The possible new conference alignment for Public League boys basketball.

Provided.

Reaction to the new conference has been mixed. A majority of coaches the Sun-Times spoke with said they were against the change.

“I’m not a big fan of it because of the travel,” Oliver said. “And I don’t think the playoffs are as exciting if we are just playing the same teams over and over. We will play them in conference, in the city playoffs and in the state tournament.”

Young coach Tyrone Slaughter isn’t worried about the travel issue and likes the change overall.

“The travel argument is akin to the shot clock argument,” Slaughter said. “Any time there is the slightest degree of inconvenience it becomes a problem. It is not that dramatically different. There are longer distances but you see teams travel 40 miles for games in the state playoffs. The world does not come to an end. It is a pain worth tolerating for the excitement and quality of basketball in the conference.”

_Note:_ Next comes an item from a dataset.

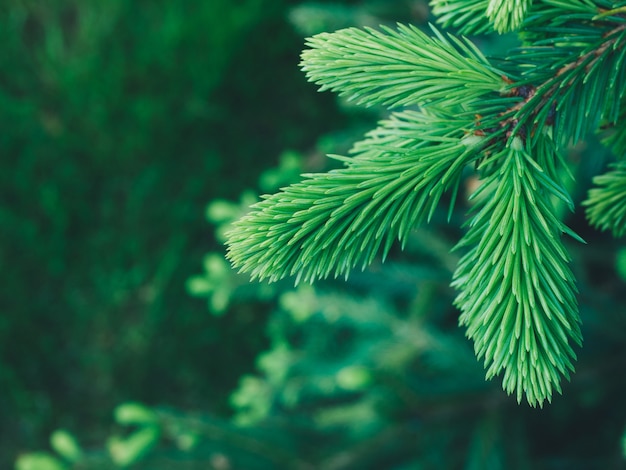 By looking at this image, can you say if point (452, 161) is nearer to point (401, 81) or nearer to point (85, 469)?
point (401, 81)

The Public League’s promotion and relegation system hasn’t been as effective in the superconference era. It worked well under the previous geographical conference system. Some coaches have major concerns about the rumored two or three-year conference freeze.

“It is upsetting,” Julian coach Steve Parham said. “I’ve been working for five years to put together a team to move up to the Red. We moved up from the Blue to the White this year and now we would be stuck. That hurts. And the Red Division teams are going to poach all of our kids because they are guaranteed to be up there for two years and we can’t move.”